Вместо ответа он вывернул с самым серьезным видом карманы и произнес с комической беспомощностью большого ребенка, так мало гармонировавшей с его лицом факира и прямыми, словно высеченными из камня, как на статуях, волосами:
— Нельзя, потому что денежек нет, денежки — ау — плакали. Если будут цветы, не будет обеда. А посему я предпочитаю восторгаться речью «маэстро» без всяких вещественных доказательств. И кто не за меня в данном случаю, тот против меня, и того я вынужден считать моим врагом и искусителем.
— Присоединяюсь, коллега, ибо и мои карманы плачут, — заявил Береговой и с комической ужимкой пожал руку Бобу.
— Трогательное объединение! Где двое — там и третий! — И Федя Крылов мальчишеским жестом закинул им на плечи руки и закружил обоих по классу.
— Господа, шутки в сторону. Я хочу говорить серьезно, — сказал Борис Коршунов, — нам необходимо объединиться, собираться друг у друга по очереди всей компанией, читать классические образцы, декламировать, спорить. Кто согласен — подними руку.

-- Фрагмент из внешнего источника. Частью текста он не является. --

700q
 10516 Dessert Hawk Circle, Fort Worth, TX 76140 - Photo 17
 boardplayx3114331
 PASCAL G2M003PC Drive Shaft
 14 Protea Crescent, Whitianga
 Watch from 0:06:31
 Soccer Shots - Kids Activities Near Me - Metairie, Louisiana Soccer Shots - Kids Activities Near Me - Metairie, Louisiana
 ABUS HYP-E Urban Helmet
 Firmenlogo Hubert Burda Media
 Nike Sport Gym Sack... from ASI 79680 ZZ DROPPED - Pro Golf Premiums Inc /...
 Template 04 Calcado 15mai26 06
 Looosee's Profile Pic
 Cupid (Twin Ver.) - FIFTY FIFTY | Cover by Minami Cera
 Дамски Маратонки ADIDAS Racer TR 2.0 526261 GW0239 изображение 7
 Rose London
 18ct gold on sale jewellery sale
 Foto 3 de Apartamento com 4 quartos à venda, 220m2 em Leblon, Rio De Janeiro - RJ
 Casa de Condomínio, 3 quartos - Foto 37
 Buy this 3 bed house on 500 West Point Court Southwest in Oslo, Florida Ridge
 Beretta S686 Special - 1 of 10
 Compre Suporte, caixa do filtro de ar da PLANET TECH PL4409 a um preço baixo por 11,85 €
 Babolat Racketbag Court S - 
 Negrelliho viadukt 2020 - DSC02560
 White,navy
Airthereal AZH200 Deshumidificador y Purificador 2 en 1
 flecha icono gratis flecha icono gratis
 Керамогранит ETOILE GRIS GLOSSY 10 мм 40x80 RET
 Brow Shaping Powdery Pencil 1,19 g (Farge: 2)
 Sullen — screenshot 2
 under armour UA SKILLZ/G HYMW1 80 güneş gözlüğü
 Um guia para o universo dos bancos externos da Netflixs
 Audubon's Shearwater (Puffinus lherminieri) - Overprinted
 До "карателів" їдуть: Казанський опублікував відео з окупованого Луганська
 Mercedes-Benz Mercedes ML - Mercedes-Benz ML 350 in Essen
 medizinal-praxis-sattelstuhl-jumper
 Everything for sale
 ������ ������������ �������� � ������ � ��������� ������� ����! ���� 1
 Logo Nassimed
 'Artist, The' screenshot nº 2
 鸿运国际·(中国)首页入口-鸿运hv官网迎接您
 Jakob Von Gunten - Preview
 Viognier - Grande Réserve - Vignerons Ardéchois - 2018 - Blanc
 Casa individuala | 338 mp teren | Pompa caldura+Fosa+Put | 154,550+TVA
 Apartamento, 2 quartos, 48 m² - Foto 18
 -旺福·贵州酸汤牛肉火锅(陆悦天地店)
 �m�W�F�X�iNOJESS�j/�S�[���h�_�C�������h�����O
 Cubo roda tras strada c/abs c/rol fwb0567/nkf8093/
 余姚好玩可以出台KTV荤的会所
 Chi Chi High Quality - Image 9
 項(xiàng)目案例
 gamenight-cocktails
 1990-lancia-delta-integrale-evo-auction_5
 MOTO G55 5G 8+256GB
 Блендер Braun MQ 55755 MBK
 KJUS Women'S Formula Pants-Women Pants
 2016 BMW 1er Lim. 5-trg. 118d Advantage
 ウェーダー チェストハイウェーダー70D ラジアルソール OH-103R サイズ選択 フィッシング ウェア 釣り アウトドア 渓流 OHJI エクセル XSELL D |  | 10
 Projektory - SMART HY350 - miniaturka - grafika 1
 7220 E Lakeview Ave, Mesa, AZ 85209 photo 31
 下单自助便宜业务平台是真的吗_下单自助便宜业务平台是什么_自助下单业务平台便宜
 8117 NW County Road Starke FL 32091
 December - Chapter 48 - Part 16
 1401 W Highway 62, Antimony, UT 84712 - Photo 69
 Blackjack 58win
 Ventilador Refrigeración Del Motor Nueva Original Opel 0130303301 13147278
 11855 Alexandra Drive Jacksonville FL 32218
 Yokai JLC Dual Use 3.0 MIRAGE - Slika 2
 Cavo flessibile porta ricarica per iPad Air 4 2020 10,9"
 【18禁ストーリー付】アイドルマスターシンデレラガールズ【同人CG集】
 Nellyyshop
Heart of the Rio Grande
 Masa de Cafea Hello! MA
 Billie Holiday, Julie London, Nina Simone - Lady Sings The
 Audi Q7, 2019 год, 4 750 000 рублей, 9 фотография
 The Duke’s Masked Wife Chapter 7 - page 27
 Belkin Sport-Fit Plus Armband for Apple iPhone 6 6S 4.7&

Все, разумеется, оказались согласными, и одиннадцать рук взлетели в воздух.
— Ура! Виват! — прокричали юноши, но так несдержанно громко, что классная дама тревожно просунула в дверь свою черную, гладко причесанную на пробор голову.
— Господа, вы свободны и можете расходиться по домам. Завтра к девяти собраться без опозданий. Владимир Николаевич будет ровно в два. И завтра же с ним у вас начнутся правильные занятия. До свидания, я вас больше не задерживаю господа.
— Это очень мило с вашей стороны, Виктория Владимировна.
И «длинный факир», как я по старой институтской привычке давать прозвища уже успела «окрестить» Денисова, сделал такой великолепный поклон, что Маруся Алсуфьева взвизгнула от восторга и все мы покатились со смеха.
В вестибюле мы разбирали верхнюю одежду. У Ольги — стильная шляпа начала прошлого столетия, и вся она, с ее мечтательной внешностью, кажется барышней другого века. Недаром ее называли в институте «Пушкинской Татьяной». Это мнение разделял, очевидно, и Боб Денисов.
«Я вам пишу, чего же боле… Что я могу еще сказать», — запел он высоким голосом, подражая одной из оперных певиц.
— Господин, нельзя ли потише. На улице петь не полагается, — предупреждает его не весть откуда вынырнувший городовой, почтительно прикладывая руку к козырьку фуражки.
— Я не господин, а жрец! — впадая мгновенно в мрачную задумчивость, изрекает Боб своим грозным басом.